- Opening Delimiter -

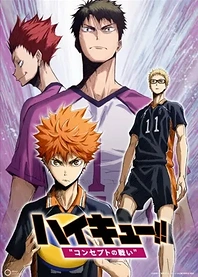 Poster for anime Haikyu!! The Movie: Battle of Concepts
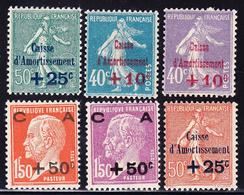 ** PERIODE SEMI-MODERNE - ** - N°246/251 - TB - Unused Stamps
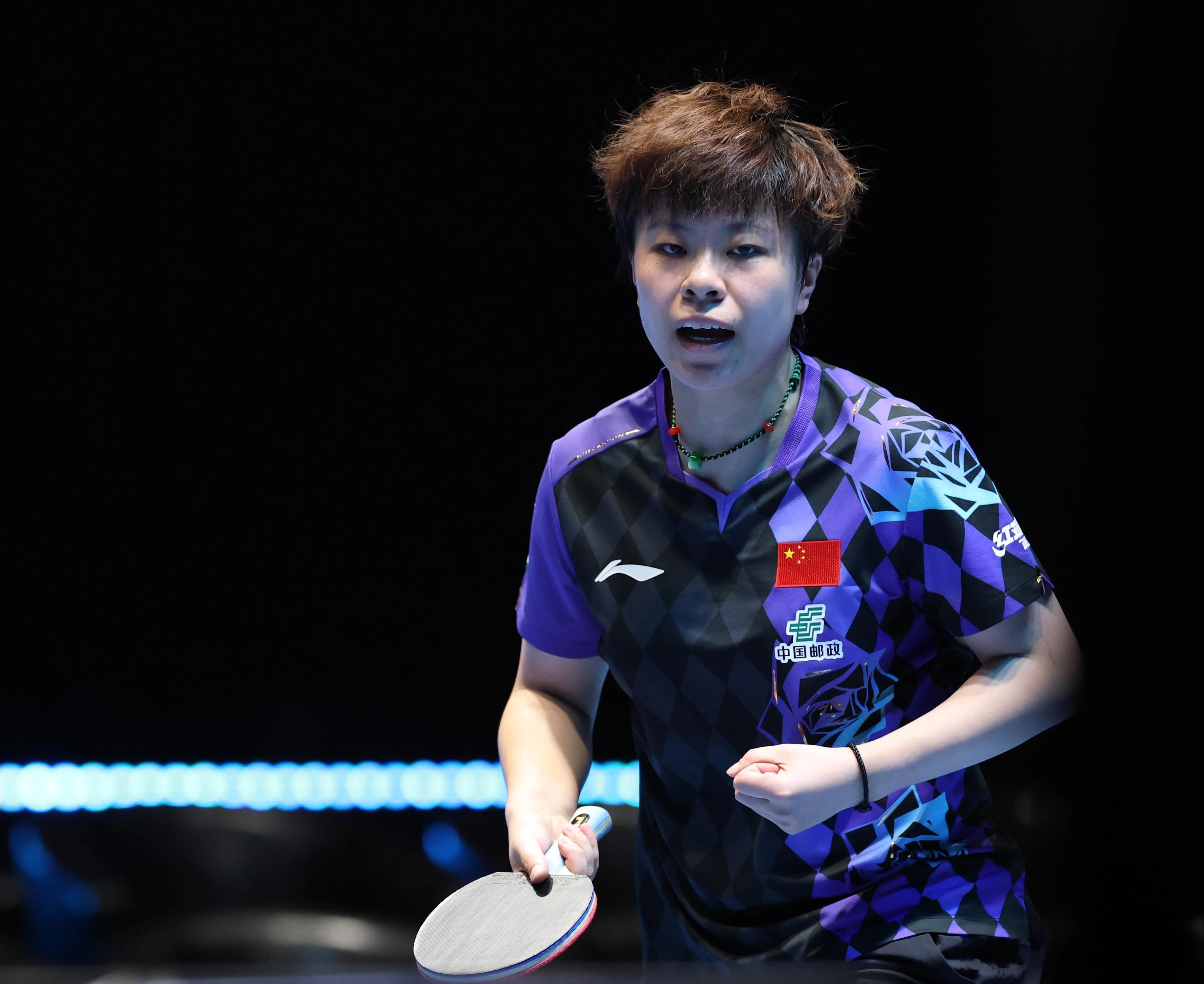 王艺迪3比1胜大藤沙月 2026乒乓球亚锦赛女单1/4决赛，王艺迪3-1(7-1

- Closing Delimiter -
- Opening Delimiter -

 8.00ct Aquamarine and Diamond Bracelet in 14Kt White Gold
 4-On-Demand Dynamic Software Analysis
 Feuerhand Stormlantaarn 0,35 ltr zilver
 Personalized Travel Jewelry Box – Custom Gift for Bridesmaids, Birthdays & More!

- Closing Delimiter -
- Opening Delimiter -

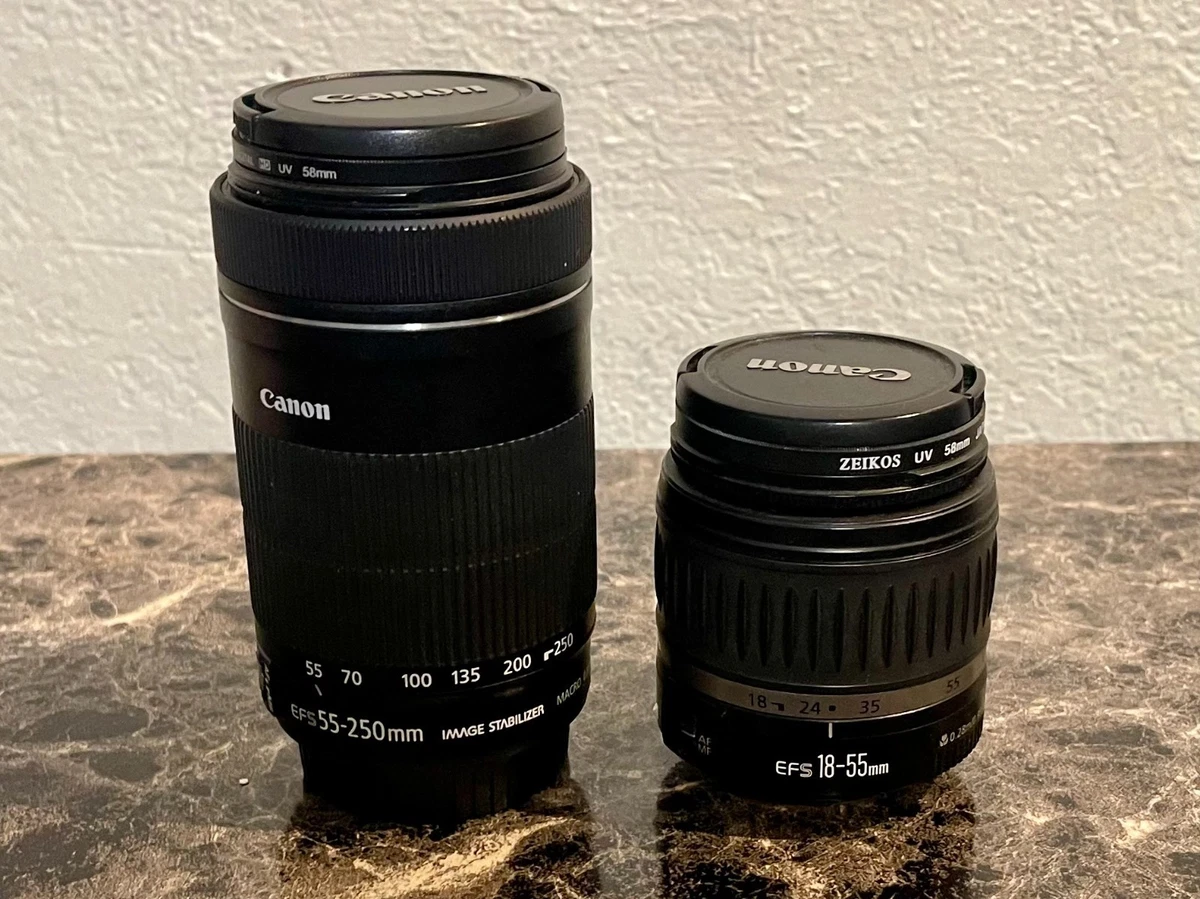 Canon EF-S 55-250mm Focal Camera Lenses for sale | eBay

- Closing Delimiter -

Try it: Taking the entries above, extract every line from the one bearing "Poster for anime" through the one bearing "王艺迪3比1胜大藤沙月 20", exactly, with no pictures.

Answer box:
 Poster for anime Haikyu!! The Movie: Battle of Concepts
 ** PERIODE SEMI-MODERNE - ** - N°246/251 - TB - Unused Stamps
 王艺迪3比1胜大藤沙月 2026乒乓球亚锦赛女单1/4决赛，王艺迪3-1(7-1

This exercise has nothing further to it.